To be more accurate in my analogy with make, I should have said that I can have multiple final targets, but I need to build them all every time
 
If I understood correctly you will certainly need to implement some synchronization mechanism as well as some way to block the main thread until other threads have done a specific thing. You can use signals. Check out the following functions - they can be proven very useful but handle them with care.
If you need further help post some (simplified) code.

pthread_sigmask(3)
pthread_kill(3)
 
@kreyszig

Thanks for providing more details. The dependencies do make it more involved than the 'distribute a single chunk of work' case, but you can remove those details from the thread handling itself, and still simplify synchronization.

[ For simplicity, I'll assume you have prior knowledge of all required tasks (have already constructed the full dependency graph/DAG), and so can easily determine dependencies across tasks. ]

Ignore threading for a second, lets just deal with dependencies.

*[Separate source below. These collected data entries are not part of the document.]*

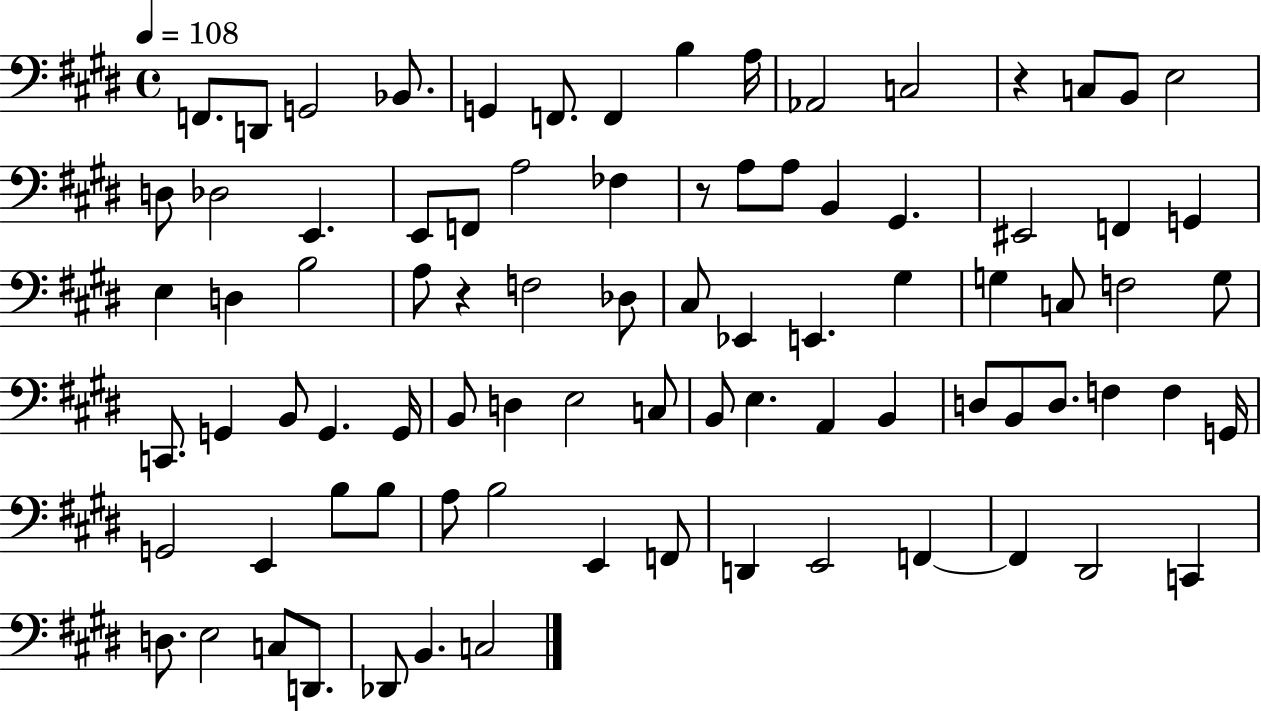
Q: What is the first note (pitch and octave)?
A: F2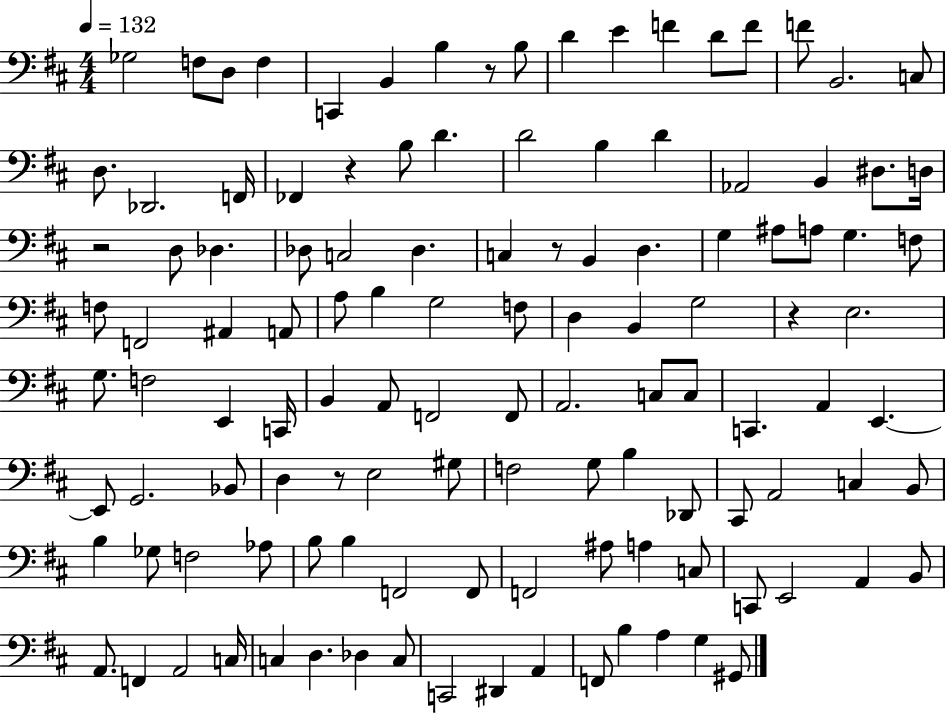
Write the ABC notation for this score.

X:1
T:Untitled
M:4/4
L:1/4
K:D
_G,2 F,/2 D,/2 F, C,, B,, B, z/2 B,/2 D E F D/2 F/2 F/2 B,,2 C,/2 D,/2 _D,,2 F,,/4 _F,, z B,/2 D D2 B, D _A,,2 B,, ^D,/2 D,/4 z2 D,/2 _D, _D,/2 C,2 _D, C, z/2 B,, D, G, ^A,/2 A,/2 G, F,/2 F,/2 F,,2 ^A,, A,,/2 A,/2 B, G,2 F,/2 D, B,, G,2 z E,2 G,/2 F,2 E,, C,,/4 B,, A,,/2 F,,2 F,,/2 A,,2 C,/2 C,/2 C,, A,, E,, E,,/2 G,,2 _B,,/2 D, z/2 E,2 ^G,/2 F,2 G,/2 B, _D,,/2 ^C,,/2 A,,2 C, B,,/2 B, _G,/2 F,2 _A,/2 B,/2 B, F,,2 F,,/2 F,,2 ^A,/2 A, C,/2 C,,/2 E,,2 A,, B,,/2 A,,/2 F,, A,,2 C,/4 C, D, _D, C,/2 C,,2 ^D,, A,, F,,/2 B, A, G, ^G,,/2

All tasks with zero dependencies can be processed immediately, independent of all other tasks. As tasks with zero dependencies are completed, the number of dependencies held by their parents decreases - creating more tasks with zero dependencies that can be processed independently.

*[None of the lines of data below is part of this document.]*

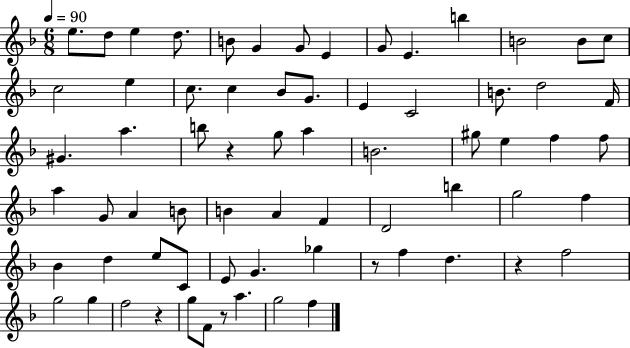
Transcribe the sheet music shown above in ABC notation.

X:1
T:Untitled
M:6/8
L:1/4
K:F
e/2 d/2 e d/2 B/2 G G/2 E G/2 E b B2 B/2 c/2 c2 e c/2 c _B/2 G/2 E C2 B/2 d2 F/4 ^G a b/2 z g/2 a B2 ^g/2 e f f/2 a G/2 A B/2 B A F D2 b g2 f _B d e/2 C/2 E/2 G _g z/2 f d z f2 g2 g f2 z g/2 F/2 z/2 a g2 f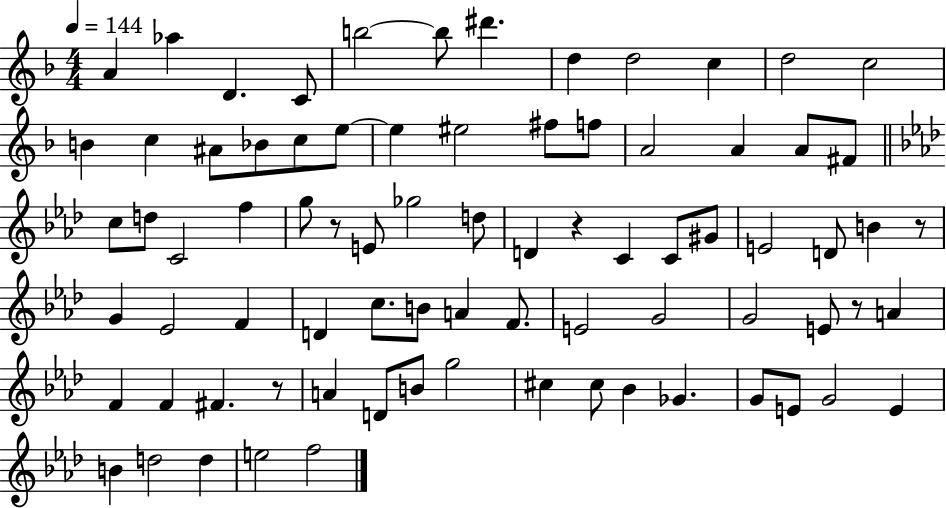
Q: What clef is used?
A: treble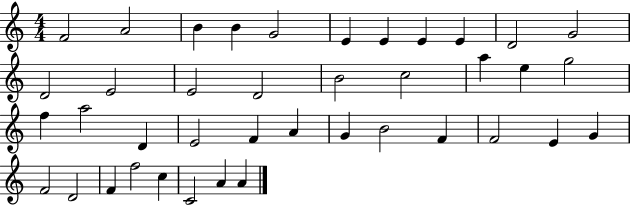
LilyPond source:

{
  \clef treble
  \numericTimeSignature
  \time 4/4
  \key c \major
  f'2 a'2 | b'4 b'4 g'2 | e'4 e'4 e'4 e'4 | d'2 g'2 | \break d'2 e'2 | e'2 d'2 | b'2 c''2 | a''4 e''4 g''2 | \break f''4 a''2 d'4 | e'2 f'4 a'4 | g'4 b'2 f'4 | f'2 e'4 g'4 | \break f'2 d'2 | f'4 f''2 c''4 | c'2 a'4 a'4 | \bar "|."
}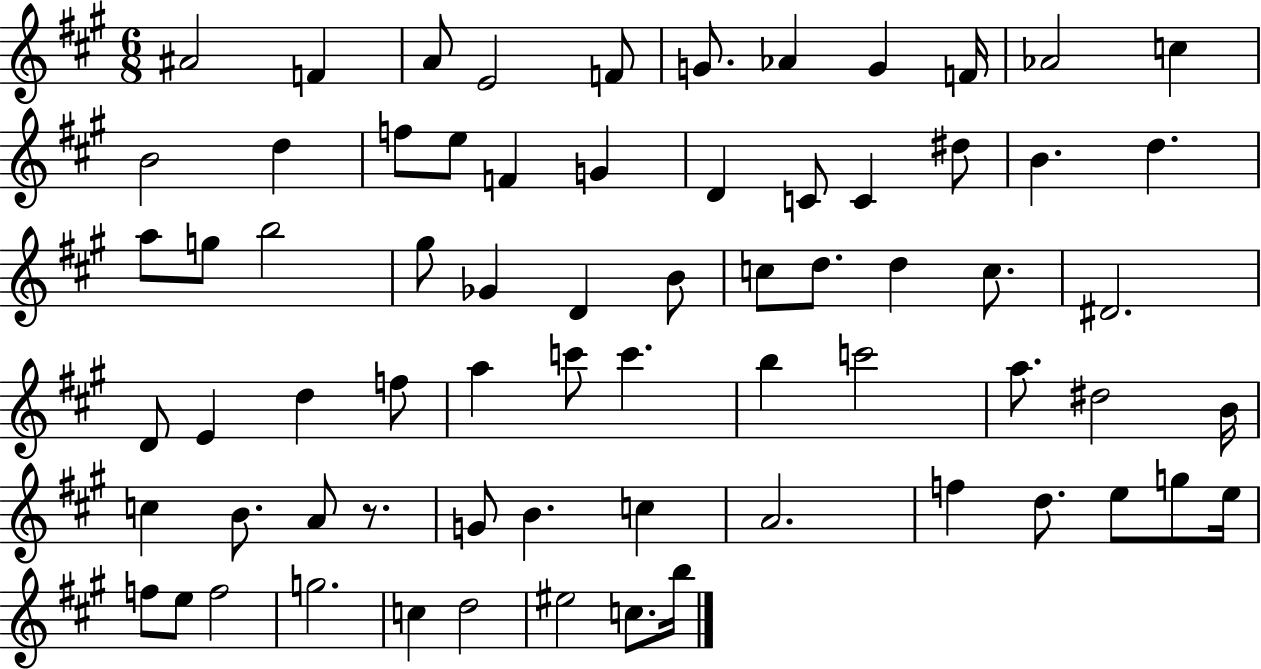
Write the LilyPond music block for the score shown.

{
  \clef treble
  \numericTimeSignature
  \time 6/8
  \key a \major
  ais'2 f'4 | a'8 e'2 f'8 | g'8. aes'4 g'4 f'16 | aes'2 c''4 | \break b'2 d''4 | f''8 e''8 f'4 g'4 | d'4 c'8 c'4 dis''8 | b'4. d''4. | \break a''8 g''8 b''2 | gis''8 ges'4 d'4 b'8 | c''8 d''8. d''4 c''8. | dis'2. | \break d'8 e'4 d''4 f''8 | a''4 c'''8 c'''4. | b''4 c'''2 | a''8. dis''2 b'16 | \break c''4 b'8. a'8 r8. | g'8 b'4. c''4 | a'2. | f''4 d''8. e''8 g''8 e''16 | \break f''8 e''8 f''2 | g''2. | c''4 d''2 | eis''2 c''8. b''16 | \break \bar "|."
}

Imagine a simple framework that processes this data serially. There are any number of ways, but let's imagine you maintain a single 'zero dependency' list/queue. You can pick any task from the zero queue, blindly, in any order, and execute it. Once that task is complete, you can (now, or at some time in the future) decrement the dependency count of any parent tasks. If any parents count is now zero, you can (now, or at some time in the future) add it to the 'zero' queue.

Process the zero queue this way, and all tasks will be complete in the correct order.

Now imagine you have 16 'workers', how does it scale? Easy - nothing changes. They simply have to process the zero queue. They don't have to worry about syncronization or dependencies across tasks. If there's something in the zero queue, they process it. If the zero queue is empty, they wait. Simple.

So, now the mechanics of the threading...

Maintain a simple thread pool (reuse your workers, don't hire/fire them after each task). The number of threads should equal the number of available processors (any more or any less is inefficient). The worker thread function should be trivial - if work is available in the zero queue, take it, and execute it. If not, wait. Have your main thread do nothing, just wait on completion of the workers.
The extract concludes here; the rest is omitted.